While Ahmed stayed with one of his sisters in a nearby village, he learned that the company — or the “bank,” as he called it — presented the receipts to the police station to arrest his mother. Ahmed hurried back and tried to collect money from relatives and neighbors. But the crisis was affecting everyone, and their contribution was not enough for the loan installment and the accumulated penalties for delays.
Zahya spent two weeks in jail amid the first wave of the pandemic. Ahmed was able to secure her release after he found someone to front the money. He and the loan officer agreed to a customary reconciliation to pay the outstanding installment, penalty and three months of installments, all of which were paid for by the person who fronted the money.

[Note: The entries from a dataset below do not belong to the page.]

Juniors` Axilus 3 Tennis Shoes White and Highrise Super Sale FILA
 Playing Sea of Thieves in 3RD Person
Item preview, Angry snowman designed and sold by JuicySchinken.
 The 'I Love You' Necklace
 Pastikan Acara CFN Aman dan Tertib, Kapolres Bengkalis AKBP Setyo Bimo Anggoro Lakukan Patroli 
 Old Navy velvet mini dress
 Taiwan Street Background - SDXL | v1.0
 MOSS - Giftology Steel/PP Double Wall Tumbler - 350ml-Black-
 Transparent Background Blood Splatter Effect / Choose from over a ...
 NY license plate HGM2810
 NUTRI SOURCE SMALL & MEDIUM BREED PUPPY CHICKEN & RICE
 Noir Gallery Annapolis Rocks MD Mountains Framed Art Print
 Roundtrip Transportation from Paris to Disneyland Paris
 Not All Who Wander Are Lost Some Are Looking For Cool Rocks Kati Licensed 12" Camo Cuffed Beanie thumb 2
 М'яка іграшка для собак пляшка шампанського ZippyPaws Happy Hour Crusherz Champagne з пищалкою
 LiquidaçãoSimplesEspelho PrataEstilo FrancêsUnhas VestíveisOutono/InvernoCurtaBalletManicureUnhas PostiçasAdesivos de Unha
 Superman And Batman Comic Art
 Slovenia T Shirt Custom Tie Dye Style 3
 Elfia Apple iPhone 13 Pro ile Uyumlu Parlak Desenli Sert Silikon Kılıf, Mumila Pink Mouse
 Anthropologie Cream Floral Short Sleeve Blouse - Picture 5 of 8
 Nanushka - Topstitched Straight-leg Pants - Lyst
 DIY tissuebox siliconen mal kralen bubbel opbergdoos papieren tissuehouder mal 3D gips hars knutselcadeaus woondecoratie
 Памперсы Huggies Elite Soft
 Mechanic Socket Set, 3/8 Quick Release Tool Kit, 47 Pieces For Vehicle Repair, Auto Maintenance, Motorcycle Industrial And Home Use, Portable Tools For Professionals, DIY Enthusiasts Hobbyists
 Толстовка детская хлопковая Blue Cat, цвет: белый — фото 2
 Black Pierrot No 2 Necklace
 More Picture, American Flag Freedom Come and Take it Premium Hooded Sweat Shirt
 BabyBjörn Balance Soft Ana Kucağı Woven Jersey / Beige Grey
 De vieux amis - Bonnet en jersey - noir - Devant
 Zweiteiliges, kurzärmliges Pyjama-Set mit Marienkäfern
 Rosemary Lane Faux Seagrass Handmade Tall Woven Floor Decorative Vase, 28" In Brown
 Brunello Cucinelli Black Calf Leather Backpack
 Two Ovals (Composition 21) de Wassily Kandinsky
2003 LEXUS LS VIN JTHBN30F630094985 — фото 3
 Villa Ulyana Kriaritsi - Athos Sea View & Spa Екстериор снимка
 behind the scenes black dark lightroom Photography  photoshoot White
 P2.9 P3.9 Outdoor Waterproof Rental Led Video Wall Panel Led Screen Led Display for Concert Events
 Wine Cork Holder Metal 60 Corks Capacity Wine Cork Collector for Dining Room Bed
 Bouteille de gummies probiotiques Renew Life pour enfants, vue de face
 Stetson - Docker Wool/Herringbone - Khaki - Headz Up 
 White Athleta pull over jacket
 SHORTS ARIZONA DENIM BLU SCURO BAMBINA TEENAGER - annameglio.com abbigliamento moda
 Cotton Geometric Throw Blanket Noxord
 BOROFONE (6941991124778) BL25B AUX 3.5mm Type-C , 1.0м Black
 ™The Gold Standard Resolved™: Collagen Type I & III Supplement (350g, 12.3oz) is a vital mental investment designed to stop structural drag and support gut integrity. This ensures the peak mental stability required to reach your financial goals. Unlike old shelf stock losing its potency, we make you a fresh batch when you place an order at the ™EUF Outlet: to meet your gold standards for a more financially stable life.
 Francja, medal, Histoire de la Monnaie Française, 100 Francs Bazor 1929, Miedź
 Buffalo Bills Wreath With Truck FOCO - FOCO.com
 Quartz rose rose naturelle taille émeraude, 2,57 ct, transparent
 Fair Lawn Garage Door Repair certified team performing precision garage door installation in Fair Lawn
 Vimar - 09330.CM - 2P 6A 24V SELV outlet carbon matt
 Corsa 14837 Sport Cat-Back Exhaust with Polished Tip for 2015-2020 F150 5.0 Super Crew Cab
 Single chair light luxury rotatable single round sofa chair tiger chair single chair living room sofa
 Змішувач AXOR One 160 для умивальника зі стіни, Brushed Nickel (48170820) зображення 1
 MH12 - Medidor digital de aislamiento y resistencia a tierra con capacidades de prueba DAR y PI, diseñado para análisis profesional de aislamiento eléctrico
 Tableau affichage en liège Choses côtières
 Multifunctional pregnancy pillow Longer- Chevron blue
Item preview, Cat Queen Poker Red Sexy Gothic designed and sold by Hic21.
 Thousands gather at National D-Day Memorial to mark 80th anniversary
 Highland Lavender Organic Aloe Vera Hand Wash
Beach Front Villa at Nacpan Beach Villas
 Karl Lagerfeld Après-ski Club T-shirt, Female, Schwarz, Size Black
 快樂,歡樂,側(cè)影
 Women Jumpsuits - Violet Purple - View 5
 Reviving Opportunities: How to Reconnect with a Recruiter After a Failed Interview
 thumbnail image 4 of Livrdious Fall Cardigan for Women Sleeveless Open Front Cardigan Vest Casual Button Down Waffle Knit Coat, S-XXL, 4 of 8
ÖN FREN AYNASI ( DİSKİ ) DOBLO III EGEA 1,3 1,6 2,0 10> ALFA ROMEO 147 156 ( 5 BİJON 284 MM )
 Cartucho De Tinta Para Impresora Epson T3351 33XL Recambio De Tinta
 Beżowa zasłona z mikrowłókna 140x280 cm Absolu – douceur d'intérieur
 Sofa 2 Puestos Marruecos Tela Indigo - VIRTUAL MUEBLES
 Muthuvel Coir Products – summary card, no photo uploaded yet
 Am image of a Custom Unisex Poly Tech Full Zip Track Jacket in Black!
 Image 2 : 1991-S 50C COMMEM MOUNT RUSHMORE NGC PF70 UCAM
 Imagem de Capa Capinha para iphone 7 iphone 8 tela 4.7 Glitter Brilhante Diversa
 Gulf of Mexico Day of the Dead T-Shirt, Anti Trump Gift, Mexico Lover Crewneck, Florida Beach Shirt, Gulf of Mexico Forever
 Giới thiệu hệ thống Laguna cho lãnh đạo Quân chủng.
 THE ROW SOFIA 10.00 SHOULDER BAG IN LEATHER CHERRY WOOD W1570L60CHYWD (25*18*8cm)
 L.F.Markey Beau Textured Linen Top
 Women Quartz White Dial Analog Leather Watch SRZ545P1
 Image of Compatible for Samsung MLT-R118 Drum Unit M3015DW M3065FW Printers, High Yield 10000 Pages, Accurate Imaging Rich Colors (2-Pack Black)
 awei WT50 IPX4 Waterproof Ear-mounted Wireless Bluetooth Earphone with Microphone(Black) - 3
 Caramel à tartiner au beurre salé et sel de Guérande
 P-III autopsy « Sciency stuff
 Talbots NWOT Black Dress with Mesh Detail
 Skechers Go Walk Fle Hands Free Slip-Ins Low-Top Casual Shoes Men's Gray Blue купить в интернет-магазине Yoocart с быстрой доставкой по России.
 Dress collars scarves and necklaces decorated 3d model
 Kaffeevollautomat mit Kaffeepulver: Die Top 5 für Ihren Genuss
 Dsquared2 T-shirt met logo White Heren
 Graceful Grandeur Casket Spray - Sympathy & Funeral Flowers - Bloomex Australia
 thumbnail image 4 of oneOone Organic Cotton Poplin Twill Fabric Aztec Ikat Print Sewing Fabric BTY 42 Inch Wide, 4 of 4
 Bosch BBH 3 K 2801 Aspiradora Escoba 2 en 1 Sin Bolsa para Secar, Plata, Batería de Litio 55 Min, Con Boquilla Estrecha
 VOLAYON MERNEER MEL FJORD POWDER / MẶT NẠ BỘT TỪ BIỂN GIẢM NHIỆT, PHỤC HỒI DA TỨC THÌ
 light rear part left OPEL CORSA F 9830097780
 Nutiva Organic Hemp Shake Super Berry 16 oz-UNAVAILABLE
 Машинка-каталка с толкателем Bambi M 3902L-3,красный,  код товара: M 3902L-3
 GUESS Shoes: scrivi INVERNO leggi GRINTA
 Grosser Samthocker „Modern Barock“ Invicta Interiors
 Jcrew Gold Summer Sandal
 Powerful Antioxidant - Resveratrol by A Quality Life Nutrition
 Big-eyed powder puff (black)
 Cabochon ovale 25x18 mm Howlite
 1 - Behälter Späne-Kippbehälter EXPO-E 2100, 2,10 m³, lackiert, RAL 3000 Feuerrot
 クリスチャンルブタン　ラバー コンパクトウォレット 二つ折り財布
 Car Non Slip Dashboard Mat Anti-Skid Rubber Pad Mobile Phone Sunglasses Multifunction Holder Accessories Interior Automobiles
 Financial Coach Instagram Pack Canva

As part of the arrangement, Ahmed had to work as a tuk tuk driver for three months for the person who fronted the money to secure his mother’s release from jail.
Many women like Zahya have found themselves in similar predicaments.
Antari, who conducted a study last year about the repercussions of financial inclusion on women, says that 80 percent of women who took out a loan did so for reasons not related to enterprise. According to her study, 23 percent of women are looking to finance marriages, and 21 percent are looking to pay off debts.
Mohamed Hakim, a board member at Shabab Masr, a nonprofit in Fayoum aiming to create an economic model to promote cooperation and solidarity among marginalized youth, says that the increasingly precarious microloan market resembles the gig economy. “This might be acceptable when you lend to someone to finance their small enterprise. They can make their profit and give you your cut,” he says. But increasingly people who struggle to pay for their food, clothes and marriage costs are turning to microloans to cover the costs.